Cutting Edge: Inhaled Antigen Upregulates Retinaldehyde Dehydrogenase in Lung CD103+ but Not Plasmacytoid Dendritic Cells To Induce Foxp3 De Novo in CD4+ T Cells and Promote Airway Tolerance

Anupriya Khare, Nandini Krishnamoorthy, Timothy B. Oriss, Mingjian Fei, Prabir Ray and Anuradha Ray
J Immunol July 1, 2013, 191 (1) 25-29; DOI: https://doi.org/10.4049/jimmunol.1300193

Abstract

Dendritic cell (DC)–T cell interactions that underlie inducible/adaptive regulatory T cell generation and airway tolerance are not well understood. In this study, we show that mice lacking CD11chi lung DCs, but containing plasmacytoid DCs (pDCs), fail tolerization with inhaled Ag and cannot support Foxp3 induction in vivo in naive CD4+ T cells. CD103+ DCs from tolerized mice efficiently induced Foxp3 in cocultured naive CD4+ T cells but pDCs and lung macrophages failed to do so. CD103+ DCs, but not pDCs or lung macrophages, upregulated the expression of retinaldehyde dehydrogenase 2 (aldh1a2), which is key for the production of retinoic acid, a cofactor for TGF-β for Foxp3 induction. Batf3−/− mice, selectively lacking CD103+ DCs, failed tolerization by inhaled Ag. Collectively, our data show that pulmonary tolerance is dependent on CD103+ DCs, correlating with their ability to upregulate aldh1a2, which can promote Foxp3 expression in T cells.

Introduction

Impairment of immune tolerance induces inflammatory diseases, such as allergic asthma (1). In this regard, regulatory T cells (Tregs) form the core of immune tolerance, tempering immune aggravation by a multitude of self- and foreign Ags from the ante- to the postnatal stage (2, 3).

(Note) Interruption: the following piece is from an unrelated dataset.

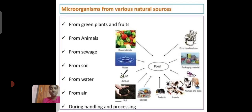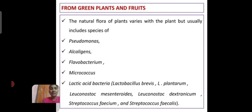The sources of microorganisms come from various natural sources: from green plants and fruits, from animals, from sewage, from soil, from water, and from air, as well as during handling and processing.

Foxp3+ Tregs can be divided into two major subsets: thymus-derived natural Tregs and inducible/adaptive Tregs (iTregs) that are generated in the periphery from naive Foxp3 CD4+ T cells in the presence of Ag and the immunosuppressive cytokine TGF-β (4, 5). The importance of iTregs in mucosal tolerance and suppression of chronic allergic inflammation was demonstrated previously (5). More recently, nonredundant roles for natural Tregs and iTregs in peripheral immune tolerance were described (6).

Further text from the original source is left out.